From the opioids and heroin crisis to the lead-tainted water scandal in Flint, Mich., Congress faces a larger workload than ever but has opted to work less in a contentious election year, according to House Minority Leader Nancy Pelosi and Senate Minority Leader Harry Reid.
Congress is set to skip town Thursday for its Memorial Day break and will not return until the second week of June.
“We have work to do — cancel the recess, stay here, do your job,” Mrs. Pelosi, California Democrat, said, assembling with Democrats on the east steps of the Capitol in front of a bank of cameras and onlooking tourists.
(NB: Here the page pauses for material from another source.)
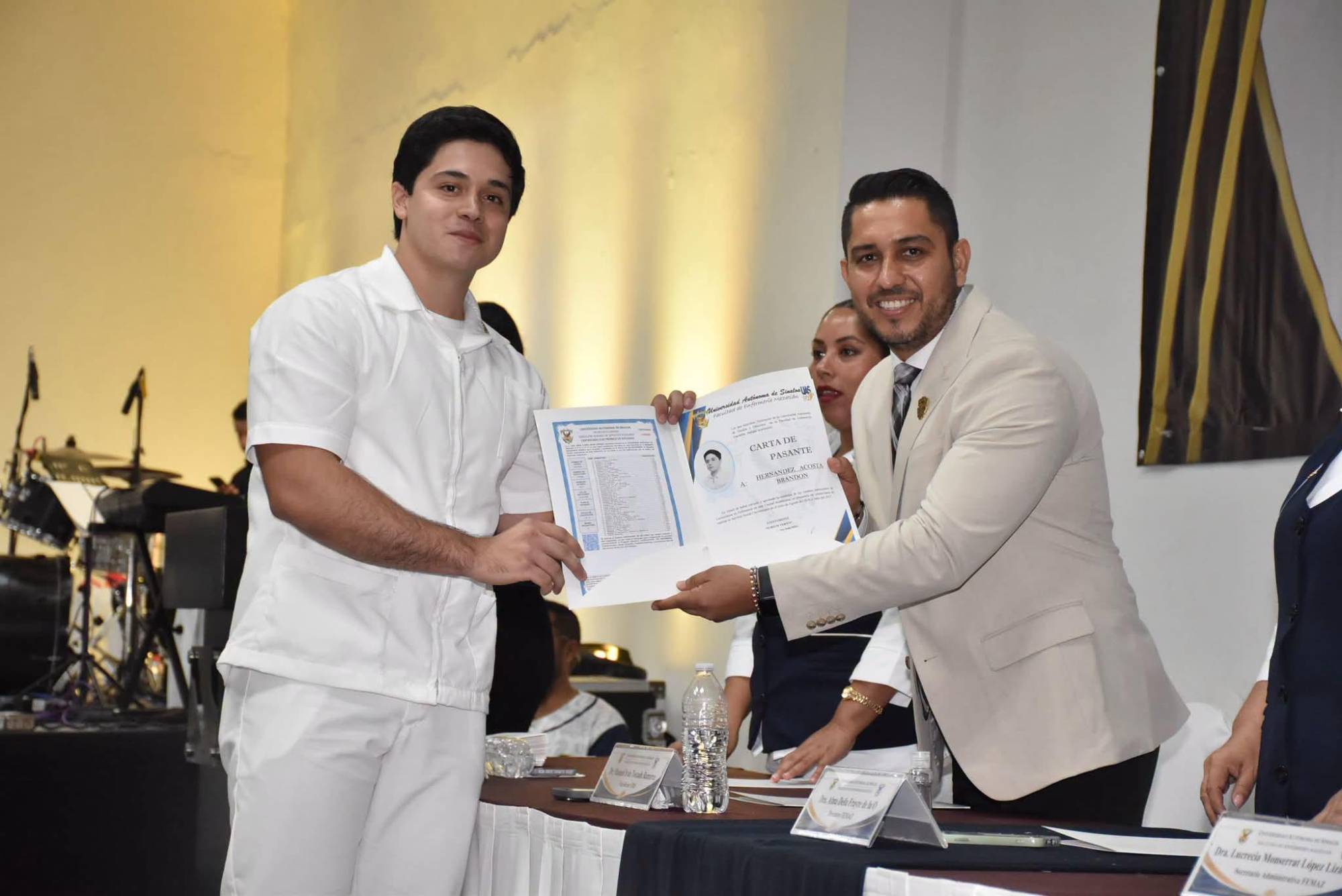 $!Brandon Hernández Acosta recibe sus documentos de manos de Iván Tostado.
Republicans say their rivals are using the crises as a political cudgel to extract spending that isn’t offset with cuts elsewhere, when they should be funding health agencies through the regular budgeting process.
They mocked Democrats for holding Thursday’s press event in the direct sun, only to take off without fielding questions.
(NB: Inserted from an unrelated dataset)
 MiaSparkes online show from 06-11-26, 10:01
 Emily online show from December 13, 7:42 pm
“They also must have blown your irony meters — while they were over there calling on the Senate to do its job, they are simultaneously preventing the Senate from doing its job by blocking the bipartisan defense bill,” said Donald Stewart, a spokesman for Senate Majority Leader Mitch McConnell.
For now, they insist that Congress has millions sitting in federal accounts to combat the prescription opioids crisis, while state funding will be paired with a Senate deal to address the Flint water crisis.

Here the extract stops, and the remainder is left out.